作者从打字提示转向完全用语音与AI智能体交互,发现通过音频能提供更丰富的细节,语音越长越详细,结果越好。这种交互方式还能并行化更多工作,让智能体执行更长时间任务。作者开发了新功能:录制屏幕、截图、追踪鼠标动作、用语音标注解释智能体难以处理的设计和精确功能开发。结论是提示模态越丰富,智能体结果越可靠,虽然消耗更多token成本更高,但可靠性值得。这些模式可存储为可重用技能,效果天差地别。
Finally caved in, and I now fully speak to agents as opposed to typing prompts.
My first realization is that you can just blabber on and tell the agent so many rich details via audio. The longer and the more detailed the audio explanation, the better the results.
The most interesting thing about interacting with the agent this way is that I can parallelize more work and enable agents to perform way longer runs, implementing many things at once.

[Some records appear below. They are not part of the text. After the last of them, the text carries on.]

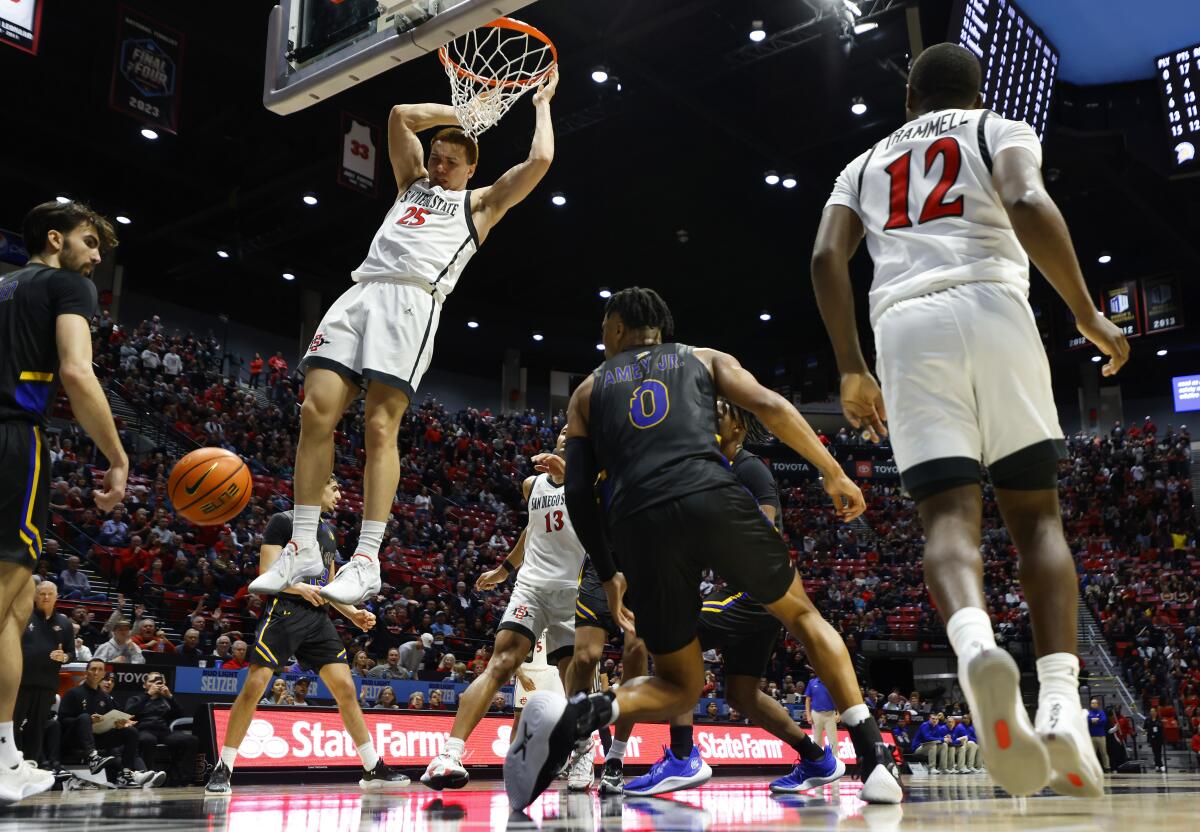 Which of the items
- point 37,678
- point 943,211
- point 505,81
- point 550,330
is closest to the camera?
point 943,211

In addition, I have developed a new feature where I can record the screen, take screenshots, track mouse actions and movements, annotate, and explain (using voice) to the agent things that it struggles with, like design and precise feature development.
My finding is that the richer the prompt modality, the more reliable the agent results are. The noise (if any) doesn't even matter. Yes, it's more expensive (i.e., lots more tokens used this way), but the reliability that you are getting is worth it.